I’m sure you’ve heard of Larry Nassar. He was the team doctor and physician for the US Olympic gymnastic team for 18 years. He preyed on hundreds of young gymnasts for almost two decades. And when these girls complained, as far back as 1998, no one listened. Many men and women in positions of power did nothing. They enabled Nassar and allowed him to continue abusing girls and young women at the University of Michigan and with USA Gymnastics. But it wasn’t just gymnasts who Nasser preyed on.
Kyle Stephens was six years old when Nasser started abusing her. Nasser was friends with her parents. Nassar abused women for decades, and it was Kyle’s call to police that finally led to his arrest.
You can read the details about her abuse here. This quote from the article sums up how deplorable Nassar was.
Nassar first abused her when she was six, “When I still had not lost all my baby teeth,” said Stephens.

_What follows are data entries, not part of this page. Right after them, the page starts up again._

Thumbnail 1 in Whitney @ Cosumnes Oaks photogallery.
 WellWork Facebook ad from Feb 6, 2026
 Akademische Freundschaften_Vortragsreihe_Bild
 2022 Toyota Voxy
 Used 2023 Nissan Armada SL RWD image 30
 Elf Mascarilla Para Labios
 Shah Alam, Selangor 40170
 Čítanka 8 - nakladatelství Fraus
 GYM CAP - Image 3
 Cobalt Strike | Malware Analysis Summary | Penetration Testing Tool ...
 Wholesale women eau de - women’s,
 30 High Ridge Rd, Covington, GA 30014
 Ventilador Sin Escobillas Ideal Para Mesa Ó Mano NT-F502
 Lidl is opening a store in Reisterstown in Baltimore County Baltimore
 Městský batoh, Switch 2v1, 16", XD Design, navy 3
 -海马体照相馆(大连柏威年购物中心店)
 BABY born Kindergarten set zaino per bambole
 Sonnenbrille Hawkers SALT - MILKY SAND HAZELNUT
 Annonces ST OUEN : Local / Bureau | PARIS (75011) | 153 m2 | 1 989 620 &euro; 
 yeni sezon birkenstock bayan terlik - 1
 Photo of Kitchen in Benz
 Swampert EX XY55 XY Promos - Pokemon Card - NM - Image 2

It began with him exposing himself. Later, he would masturbate before her. Then, he physically abused her — all while both their families were in the same house.
When Kyle, aged 12, told her parents that Nassar would rub his erect penis on her bare feet, he denied it. Back then, her parents did not believe her, and urged her to apologize to him.”
Sadly, Stephens story isn’t unique. Not being believed by loved ones, or people in power, is why predators are allowed to prey on children and adults for years without recourse.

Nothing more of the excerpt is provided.